Premetto che detesto parlarmi addosso; ciononostante forse non tutti sanno che in passato mi sono espresso in modo inequivoco contro l’ipotesi, contenuta nella prima versione del ddl concorrenza, di estendere la portabilità di adesione ai fondi pensione. Estensione in particolare del contributo datoriale, che avrebbe avvantaggiato le reti commerciali capaci (e motivati economicamente) di convincere gli aderenti ai fopndi di categoria ad iscriversi a strumenti più costosi e dalla governance meno trasparente come in particolare i Pip (polizze previdenziali).
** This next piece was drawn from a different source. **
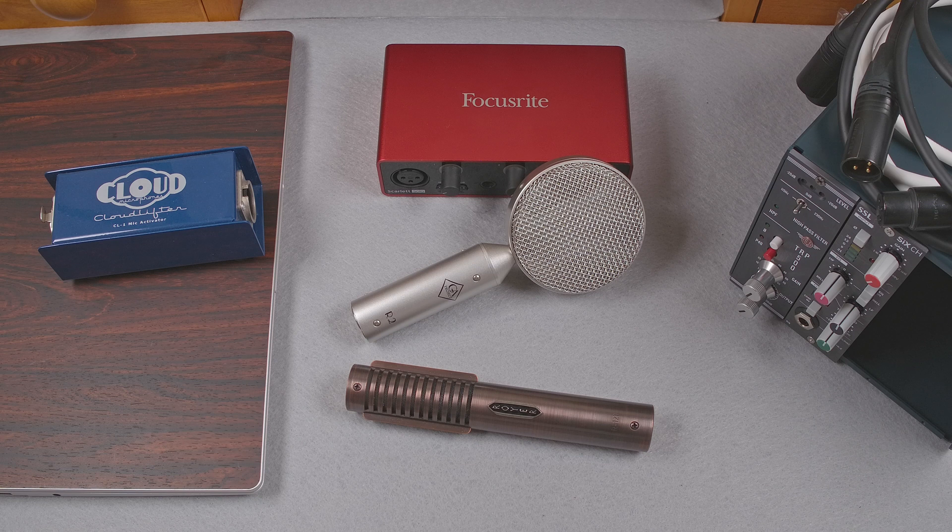Passive ribbon mics present two challenges for a preamp. First, they require a lot of gain. They also have a strong proximity effect and are really sensitive to plosives — and not just 'create pops in your audio' sensitive, but strong plosives can literally damage a ribbon mic if you aren't careful sensitive.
Il pressing dei fondi pensioni ha ottenuto buoni risultati nelle scorse settimane, come registrato qui:

http://www.ilsole24ore.com/art/notizie/2015-07-31/ddl-concorrenza-salta-portabilita-fondi-pensione-si-all-aumento-notai-165552.shtml?uuid=ACOjdya&fromSearch

Certo, si poteva fare meglio e di più: per esempio spingendo in maniera più decisa i fondi di categoria a fondersi tra di loro e ad aprirsi anche a chi ha contratti non subordinati. Ma tant’è. Di fatto il sistema paga uno scotto all’Erario, con un innalzamento della tassazione che rende meno conveniente la costruzione di un secondo pilastro previdenziale. Mettendo a rischio, insieme a questi stop and go normativi, la serenità di chi intende pianificare il proprio destino previdenziale per i prossimi decenni.

  • Marco lo Conte |

    Egregio lettore, il fatto che il Suo account riveli la Sua professione non è casuale ma concordo sul fatto che non bisogna concentrarsi solo sui costi; ciò detto sarebbe utile approfondire il tema della qualità della consulenza e verificare in qualche modo quella effettuata. Anceh per capire se vale l’alto costo sborsato. Per la precisione però, il contributo datoriale non è un privilegio sindacale, ma il frutto di un accordo negoziale che spesso è sostitutivo di un aumento dello stipendio in busta paga.
    Cordialmente
    mlc

  • Daniele |

    Scusate basiamo la buona gestione dei risparmi previdenziali solo sulla componente costi (ISC) senza vedere anche altri aspetti quali la consulenza del professionista nella scelta dei comparti da sottoscrivere, nella scelta dei comparti da utilizzzare nella fase di accumulo, ecc.
    I fantastici fondi negoziali per il sole 24ore costano poco, infatti tutto il lavoro è fatto dall’aderente, nessun consiglio, nessun affiancamento, così i comparti sottoscritti sono oltre 80% monetari così da dare una rendita da fame all’aderente.
    I gestori dei fondi negoziali vengono scelti non dall’aderente e se ad ogni cambio chi subentra modifica tutto nessuno comunica niente all’aderente e se lo comunica l’aderente deve essere un VERO esperto di finanza per capire e agire di conseguenza.
    I costi vanno guardati ma essere focalizzatti solo su di loro è una vera cavolata.
    Scusate in un paese pieno di privilegi e caste perchè il sole 24ore appoggia il privilegio dei sindacati di avere solo loro il contributo del datore di lavoro? I soldi sono dell’aderente diamo a lui la LIBERA scelta di dove metterli, basta con i privilegi.